`Regression Depression (1)`

This series Regression Depression aims to be a guide of sorts to linear regression this is Part (1/?) with the primary emphasis of this part on Data Validation, Preparation, and Cleaning.

Let's start with a Rorschach Test of sorts:

What does the above elicit in you, what do you feel. If your answer is:

The inherent linearity of it all …

Then we are on the same page. The Red dataset above is numerical statistics from every NBA season (1950-2020) [1] and the Blue dataset is weather data from New York City [2]. I've drawn scatterplots for these datasets based off every permutation of variables and accompanying scatter plots.

What I've tried to capture is a breadth of information, but they share a commonality … linearity. Both datasets, despite their vastly different origins and domains, exhibit patterns where variables co-vary in approximately additive ways. Whether it's player statistics evolving in tandem over decades or atmospheric variables fluctuating in response to seasonal dynamics, the underlying relationships can be described, at least to a first approximation, by linear trends.

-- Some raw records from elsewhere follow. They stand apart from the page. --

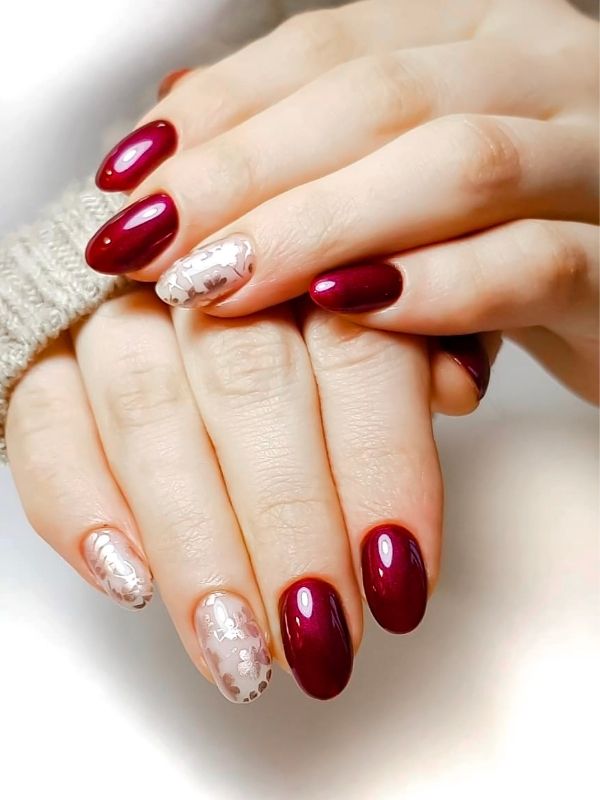 Short Oval Metallic Floral Accents Short Oval Metallic Floral Accents — Memorial Day Nails 2027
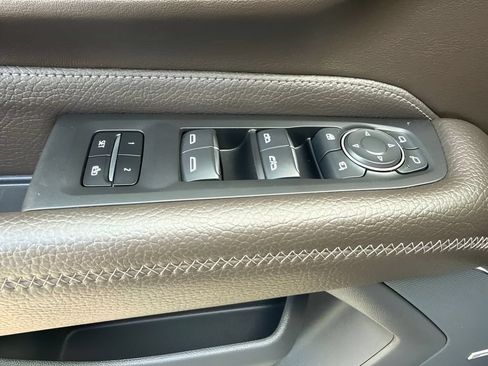 Used 2023 GMC Yukon XL Denali w/ Denali Reserve Package AWD/4WD image 33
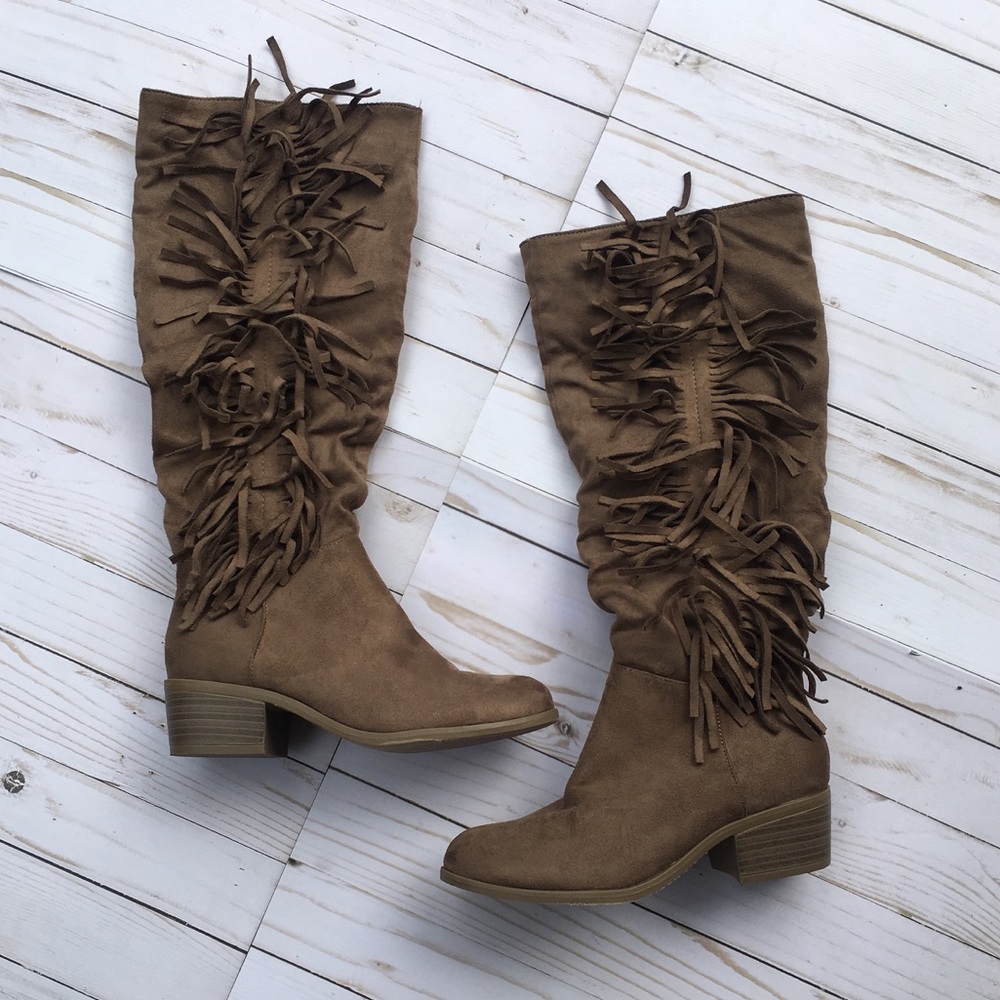 Fringe boots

This shared linearity doesn't imply simplicity, but rather a structural coherence: a kind of statistical grammar that governs how each system organizes and relates its components.

This is a very complicated way of saying Linear Regression is a powerful tool, and can be used to model much of our natural world. However, its important to engage with it in good faith. This writing will attempt to share a couple lessons.

The Context

We will elaborate on Regression Depression in the context of two completely disparate problems:

Bitcoin Forecasting: Looking at simple, leakage-safe linear models to predict Bitcoin prices better than naive rules. Using the Cryptocurrency Historical Prices [3] dataset we can reconstruct a daily time series and frame the task as predicting the price at N number of days in the future.
Concrete Strength: Predict the compressive strength of concrete based on the concrete's composition and curing age. For our exploration we utilized the Concrete Compressive Strength [4] dataset, our goal is a "formula" that predicts compressive strength (measured in MPa).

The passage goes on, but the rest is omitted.